La oración es el corazón de la vida de la Comunidad de Sant’Egidio, su primera “obra”. Cuando termina el día todas las Comunidades, tanto si son grandes como si son pequeñas, se reúnen alrededor del Señor para escuchar su Palabra y dirigirse a Él en su invocación. Los discípulos no pueden sino estar a los pies de Jesús, como María de Betania, para elegir la “mejor parte” (Lc 10,42) y aprender de Él sus mismos sentimientos (cfr. Flp 2,5).

Siempre que la Comunidad vuelve al Señor, hace suya la súplica del discípulo anónimo: “¡Señor, enséñanos a orar” (Lc 11,1). Y Jesús, maestro de oración, continúa contestando: “Cuando oréis, decid: Abbá, Padre”.

Cuando oramos, aunque lo hagamos dentro de nuestro corazón, nunca estamos aislados ni somos huérfanos, porque somos en todo momento miembros de la familia del Señor. En la oración común se ve claramente, además del misterio de la filiación, el de la fraternidad.

Las Comunidades de Sant'Egidio que hay por el mundo se reúnen en los distintos lugares que destinan a la oración y presentan al Señor las esperanzas y los dolores de los hombres y mujeres “vejados y abatidos” de los que habla el Evangelio (Mt 9,37). En aquella gente de entonces se incluyen los habitantes de las ciudades contemporáneas, los pobres que son marginados de la vida, todos aquellos que esperan que alguien les contrate (cfr. Mt 20).

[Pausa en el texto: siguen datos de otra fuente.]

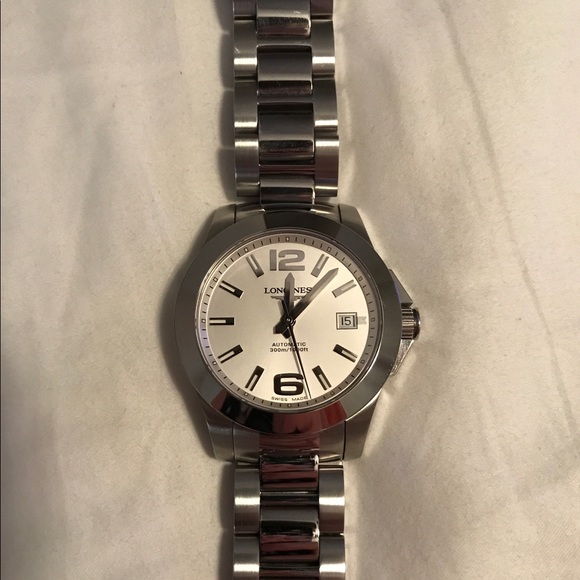 Longines Conquest Automatic with papers and box. main image 4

La oración común recoge el grito, la aspiración, el deseo de paz, de curación, de sentido de la vida y de salvación que hay en los hombres y las mujeres de este mundo. La oración nunca es vacía. Sube incesante al Señor para que el llanto se transforme en alegría, la desesperación en felicidad, la angustia en esperanza y la soledad en comunión. Y para que el Reino de Dios llegue pronto a los hombres.